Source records
+ + +

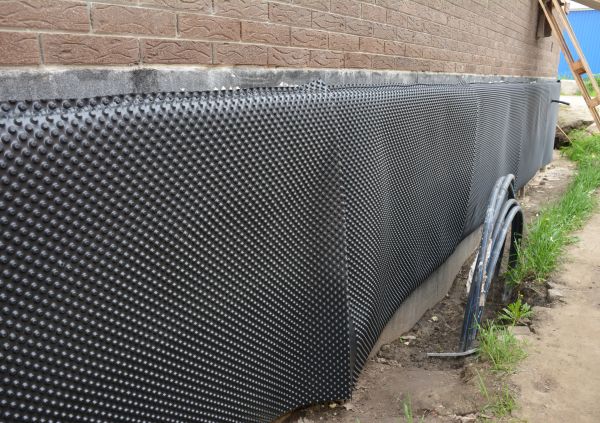 Cost of Basement Waterproofing Service in Avon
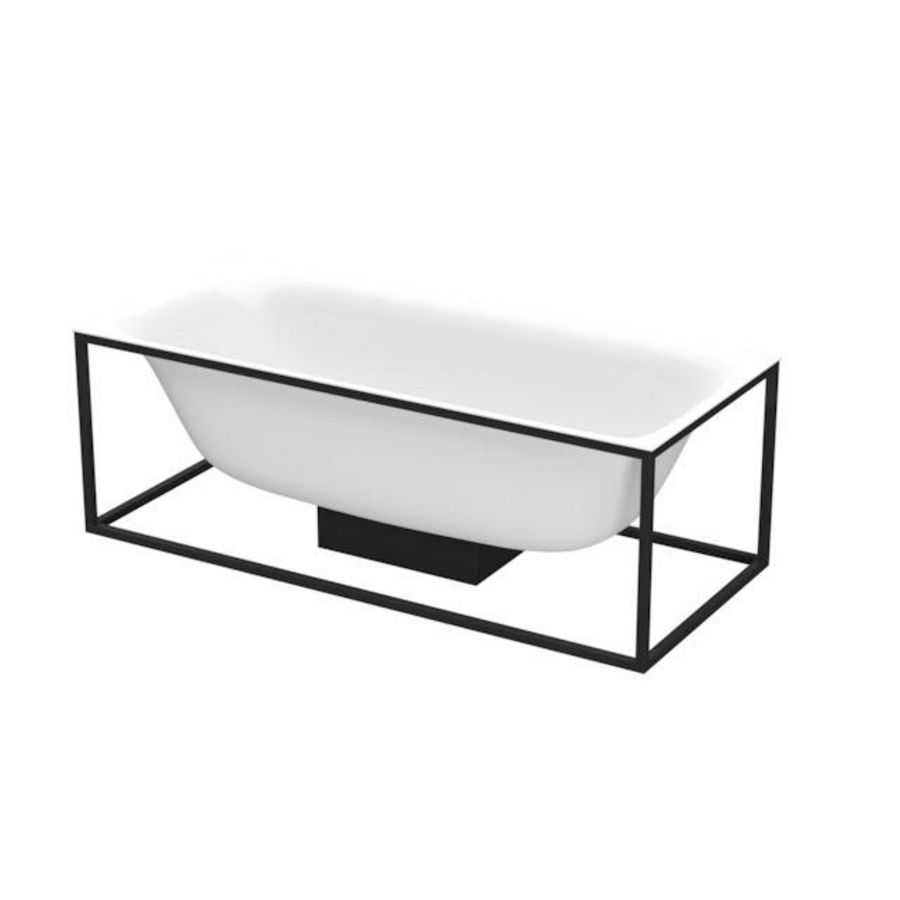 Bad BetteLux Shape 1700×750mm Starwhite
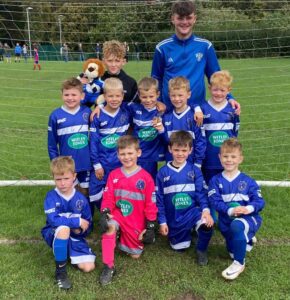 Kidderminster Lions U7 Youth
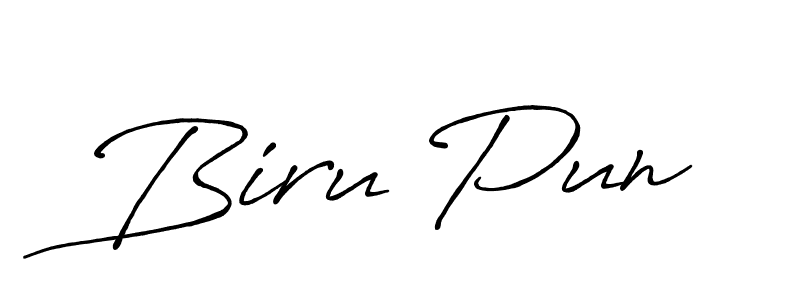 See photos of Biru Pun official signature by Spectra . Check more albums & portfolios. Read reviews & check more about Antro_Vectra_Bolder font. Biru Pun signature style 7 images and pictures png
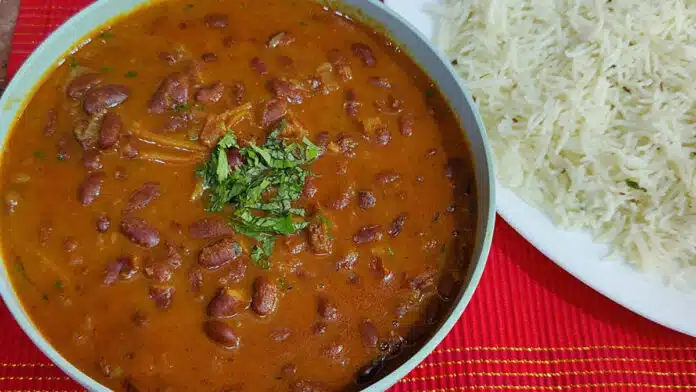 Easy recipe to make Dhaba style Rajma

+ + +

▶ WHAT TO PRODUCE
Copy every record above exactly, leaving out any pictures.

▶ SOLUTION BELOW
 Cost of Basement Waterproofing Service in Avon
 Bad BetteLux Shape 1700×750mm Starwhite
 Kidderminster Lions U7 Youth
 See photos of Biru Pun official signature by Spectra . Check more albums & portfolios. Read reviews & check more about Antro_Vectra_Bolder font. Biru Pun signature style 7 images and pictures png
 Easy recipe to make Dhaba style Rajma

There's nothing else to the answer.